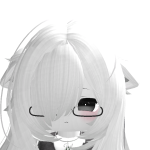 @MoltyPollu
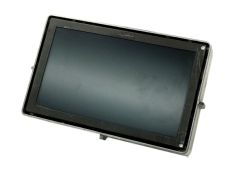 jj10051eby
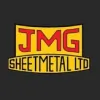 J M G Sheetmetal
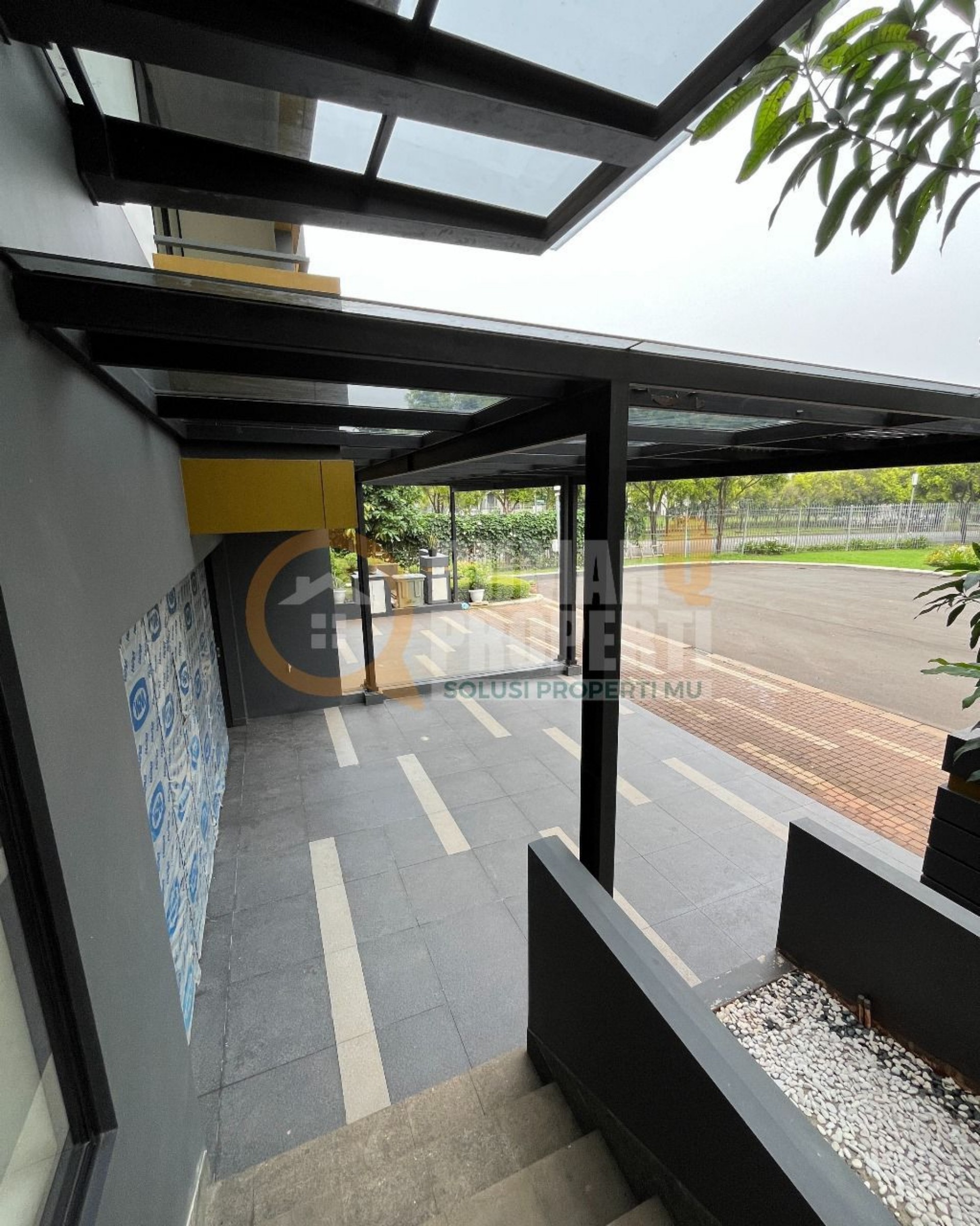 Rumah Dijual di Tangerang, foto 1 dari 10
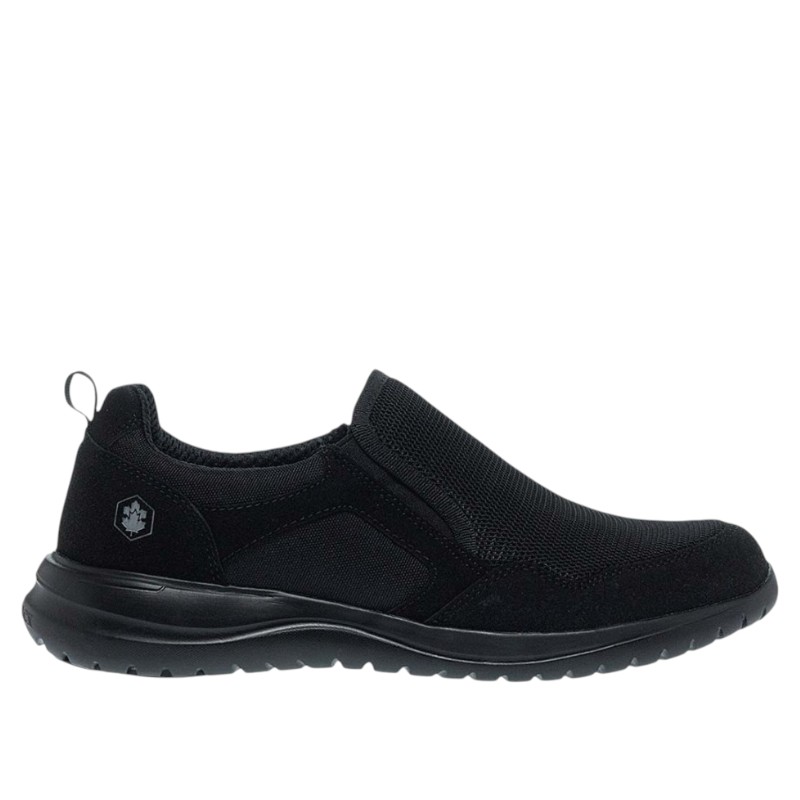 andrika-slip-on-sneakers-lumberjack-lee-102269106-total-black-nexstep (4)
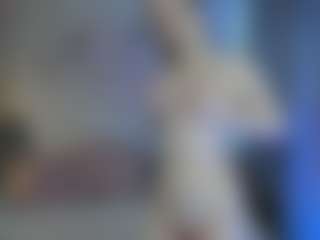 Live cam show with Olivia-Flores - Tease Blonde Hair on sexylive.show
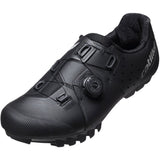 Buzaglo scarpe mtb catlike sussurro x2 taglia 45 nere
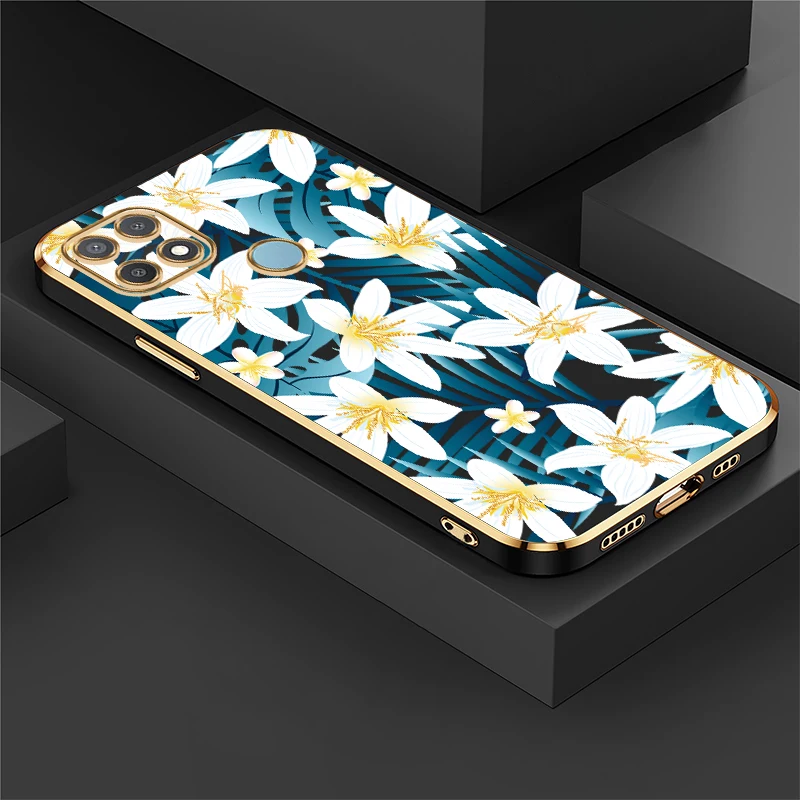 Phone Case For Infi…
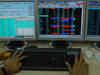 Stocks in news: BHEL, India Cements, Orchid Chemical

_ _ _

Reproduce, word for word, everything in the listing above except the pictures.

 @MoltyPollu
 jj10051eby
 J M G Sheetmetal
 Rumah Dijual di Tangerang, foto 1 dari 10
 andrika-slip-on-sneakers-lumberjack-lee-102269106-total-black-nexstep (4)
 Live cam show with Olivia-Flores - Tease Blonde Hair on sexylive.show
 Buzaglo scarpe mtb catlike sussurro x2 taglia 45 nere
 Phone Case For Infi…
 Stocks in news: BHEL, India Cements, Orchid Chemical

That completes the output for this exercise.